COURT FILE NO.: CR-22-40000627-0000
DATE: 20240628
ONTARIO SUPERIOR COURT OF JUSTICE
BETWEEN:
HIS MAJESTY THE KING
– and –
ABIB TOURAY
COUNSEL: G. Elder, for the Crown No one appearing for Mr. Touray
HEARD: June 27, 2024
REASONS FOR SENTENCE
SCHRECK J.:
[1] Following a judge alone trial, Abib Touray was found guilty of sexually assaulting a woman with whom he had been having a relationship. Mr. Touray absconded prior to his sentencing hearing, which was conducted in his absence. Following are the reasons for the sentence that will be imposed as well as various ancillary orders.
I. FACTS
A. History of the Proceedings
[2] Mr. Touray was charged with one count of sexual assault on November 18, 2021. He elected to be tried in this court without a jury and his trial took place on April 9 and 10, 2024. On April 12, 2024, I provided oral reasons for finding Mr. Touray guilty. A presentence report (“PSR”) was ordered and the matter was adjourned to June 20, 2024 for a sentencing hearing.

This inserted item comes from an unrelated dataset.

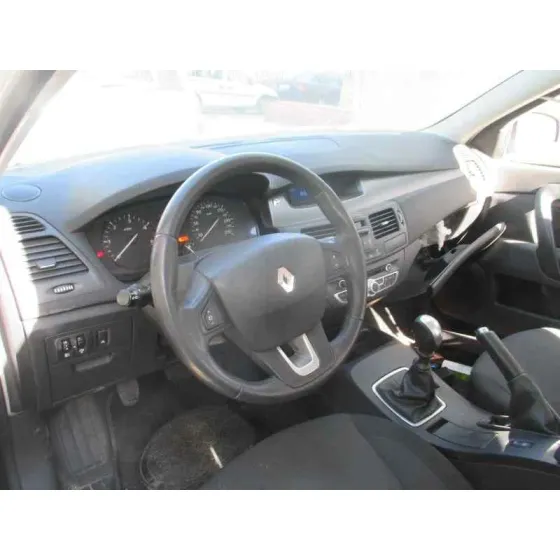 RENAULT LAGUNA GRANDTOUR III '2009 AUTHENTIQUE PLATA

[3] Mr. Touray did not attend the appointment with the probation officer assigned to prepare the PSR and did not appear in court on June 20, 2024. After hearing evidence, I made a finding that he had absconded within the meaning of s. 475 of the Criminal Code. However, I granted a one-week adjournment requested by his counsel in order to give her a further opportunity to attempt to make contact with him. She was unable to do so and applied to be removed as counsel of record when the matter returned on June 27, 2024. The sentencing hearing then proceeded in absentia.
B. The Offence
[4] Mr. Touray met the complainant, P.K., in the summer of 2021. They began to spend time together and became involved in a romantic relationship. One evening in August 2021, Mr. Touray asked P.K. if he could come over to visit her. She agreed, but told him that she was very tired, so if he came over she only wanted to cuddle, watch a movie and fall asleep. He indicated that he understood.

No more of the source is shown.